Newell, who had developed a keen interest in the Civil War since watching Ken Burns’ landmark documentary (which was, in turn, inspired by Burns’ reading of Shaara’s novel, which was also the basis for the 1993 film Gettysburg), bought the book that day and started reading it, quickly realizing that “the dialogue was so well-done and the characters were so defined that it would be a fantastic play.”

That plunged him down a rabbit hole of researching the novel, battle and personalities involved, as well as contacting Shaara’s son, Jeffrey (the author died in 1988). Newell emailed the younger Shaara his concept and got a call back the next day, asking for more details. Shaara then drew up a contract and let Newell have the rights to adapt it. The contract was similar to one used with a director in Chicago, who had previously adapted the novel.
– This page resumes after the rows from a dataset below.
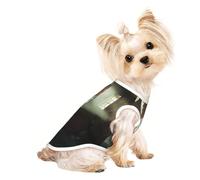 Ropa personalizada para perro, suéter para perro, ropa para gatos y más, perfecta para perros pequeños a medianos, ropa elegante y cómoda para mascotas, barco pirata bajo el sol, talla S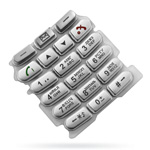 Русифицированная клавиатура для FLY S1190 Silver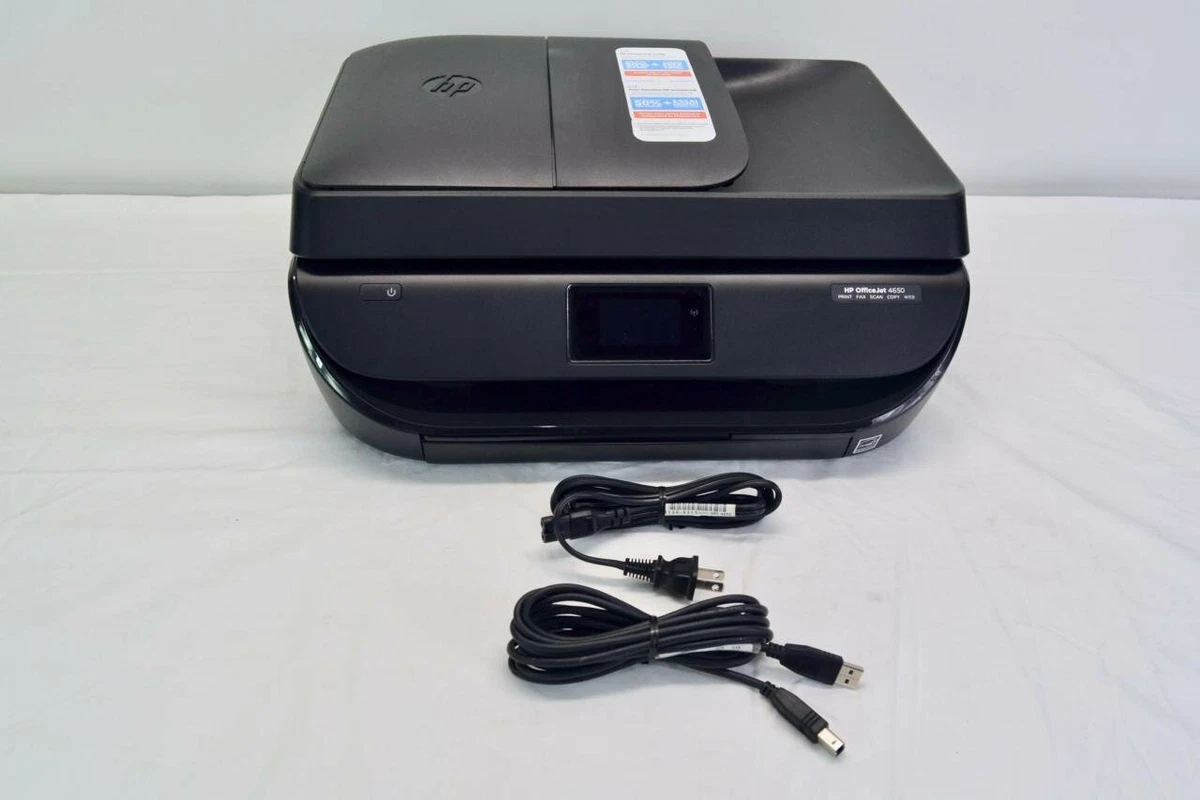 HP OfficeJet 4650 Wireless All-in-One Photo Printer with Mobile Printing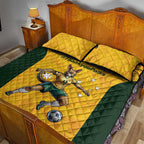 Polkinghorne Australia Matildas Quilt Bed Set 2024 Thank You Polks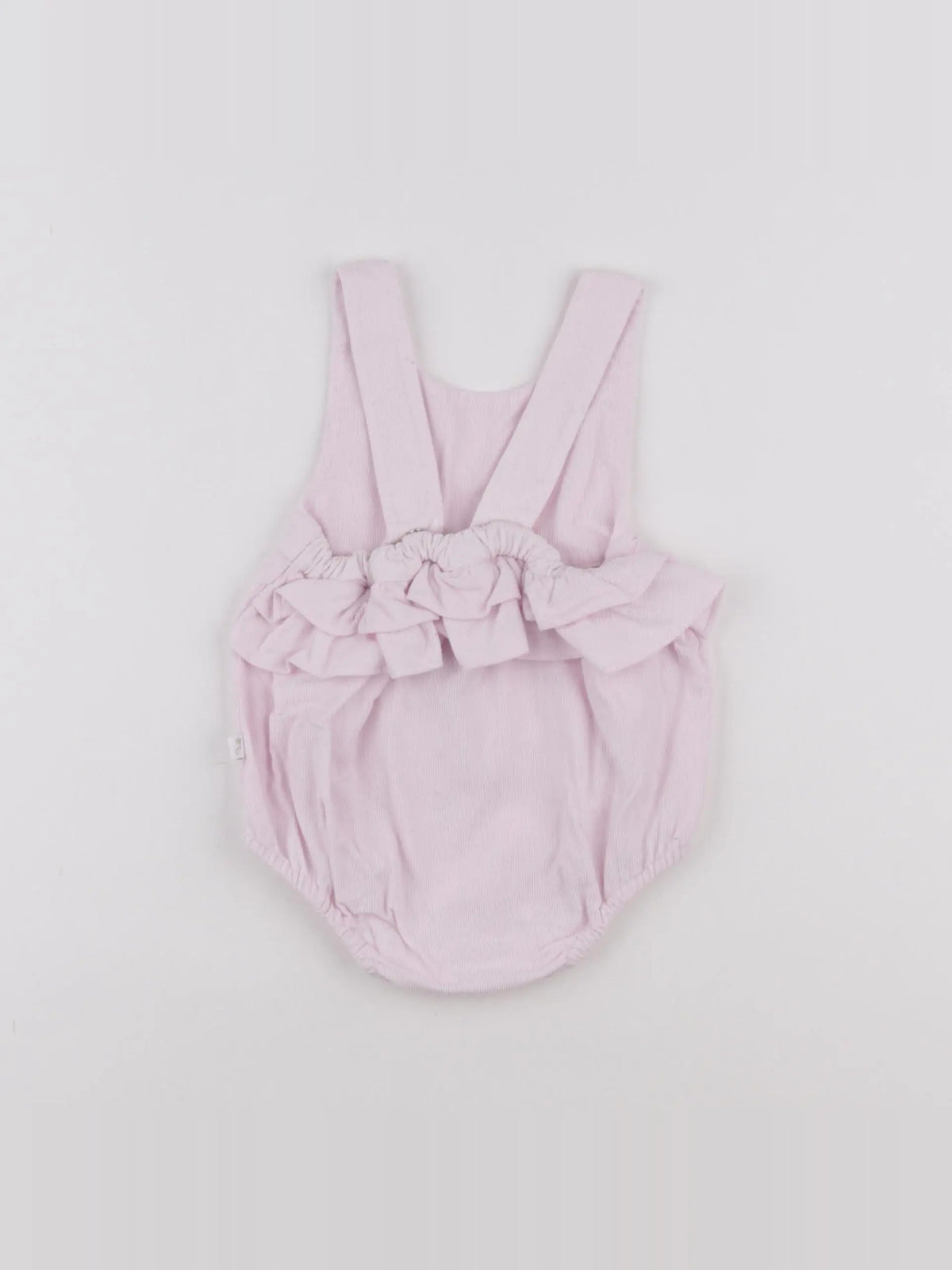 Jacadi - combinaison rose - 3 mois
While he offered to let Newell read that script, he declined. “I didn’t want to be influenced in any way,” he says. “I wanted to go on that gut instinct.”

In terms of staging, that gut instinct was to make the stage play as close to a film as possible. Throughout the Maverick’s history, Newell’s primary aesthetic has been what he calls “staged cinema,” either adapting movies to the stage or incorporating cinematic attributes into the staging. “My idea of staging cinema isn’t so much to take a screenplay and stage it,” Newell says. “It’s letting the characters tell the story with things like underscoring, cinematic lighting and cinematic quality of costuming. For instance, the uniforms we are using [purchased from a company that does Civil War re-enactments] are distressed, like something you’d see in a film, as if the characters have just come off the battlefield, and all the stressing work I took from websites on how [films] do it. So the feeling is like we’re on the set of a [motion] picture at times.”
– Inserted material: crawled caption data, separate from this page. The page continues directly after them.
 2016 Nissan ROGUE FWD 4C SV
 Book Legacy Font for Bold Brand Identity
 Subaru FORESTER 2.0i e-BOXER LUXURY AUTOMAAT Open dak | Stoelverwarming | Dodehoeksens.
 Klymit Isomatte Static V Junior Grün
Just as with the novel, Newell’s adaptation is written in a manner similar to Shakespeare’s history plays, in which battle scenes are not documented nearly as much as what characters are saying before and after. While the book and adaptation traverse all three bloody days of Gettysburg, there is only one battle scene included in Newell’s adaptation: Colonel Joshua Chamberlain’s heroic stand and bayonet charge on Little Round Top on the battle’s second day.
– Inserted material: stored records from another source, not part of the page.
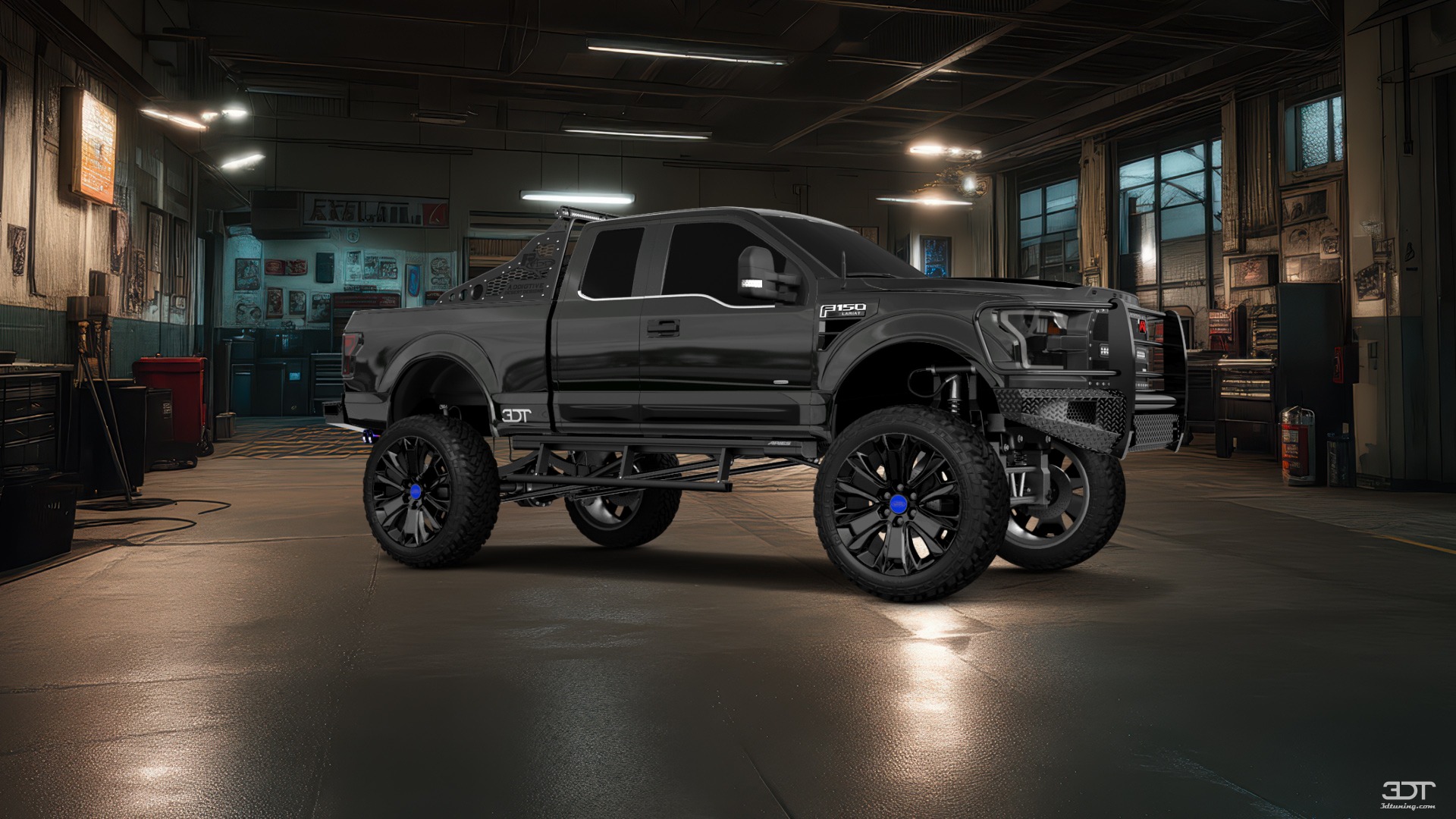 Ford F-150 SuperCab Truck 2015 tuning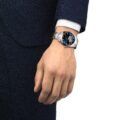 Tissot Gentleman Open Heart 40mm weared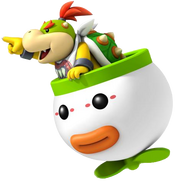 Bowser Jr Clown Car Small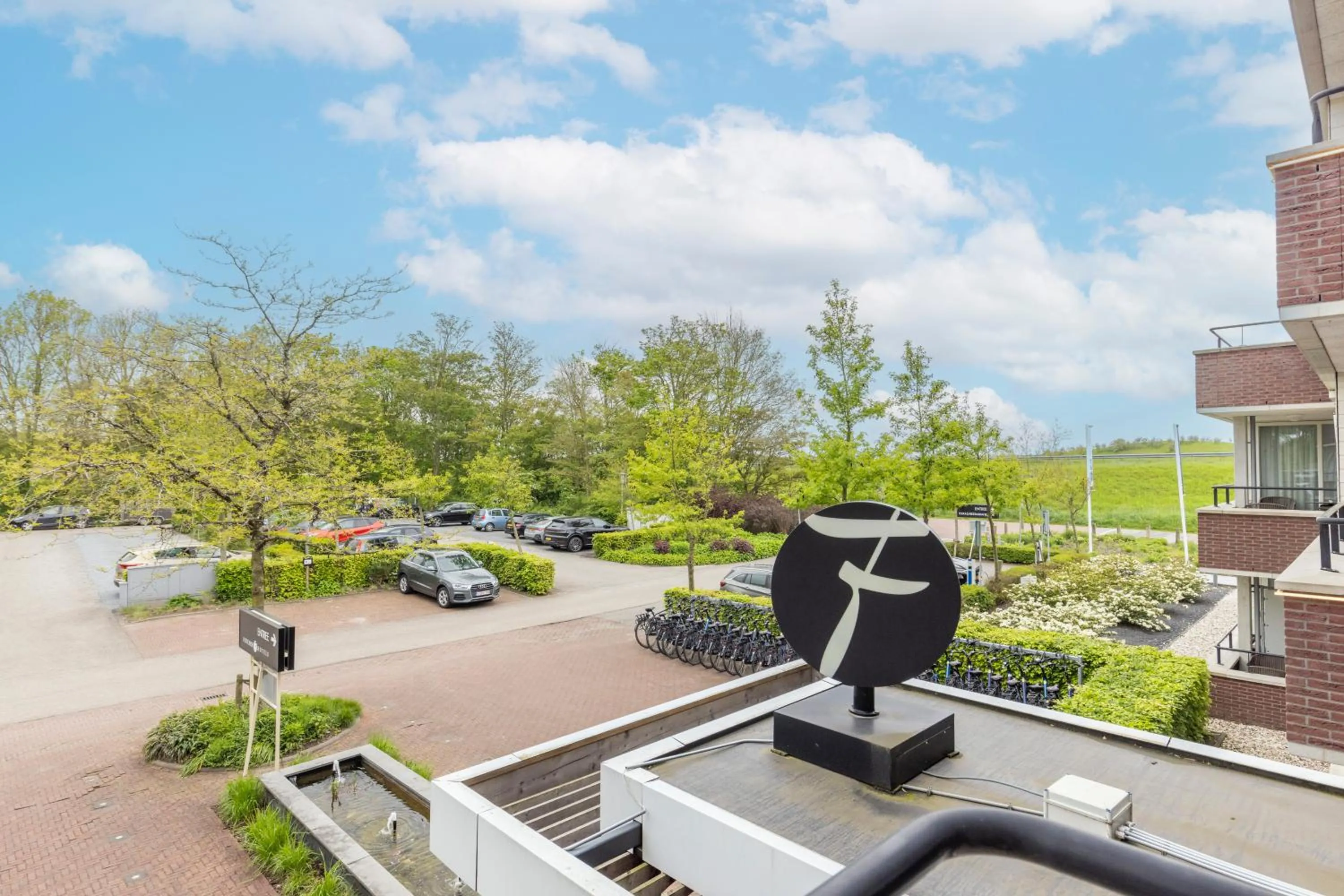 Balcony/Terrace in Fletcher Wellness-Hotel Kamperduinen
Instead of action, the emphasis is on the characters and their words, most of which are deeply rooted in fact. “[Michael Shaara] spent 10 years researching this. He studied their journals, diaries, letters—and you can hear that in his dialogue,” Newell says. “These characters and the details they share are extremely intense and realistic,” and rather than rely on hokey battle scenes and stage combat, Newell said his production is focused on the real people at its center.

Though inspired to stage the novel because of how well he thought it could work onstage, Newell has realized through the process that there are still lessons to learn from a 150-year-old conflict spawned in large part by a fundamental divide between opposing sides.

“Most important, what I want the audience walking away with is how this powerful struggle was an incredible reminder of how frail our system was as a new country—and how it fractured so simply,” Newell says. “And how none of us should take that system for granted.”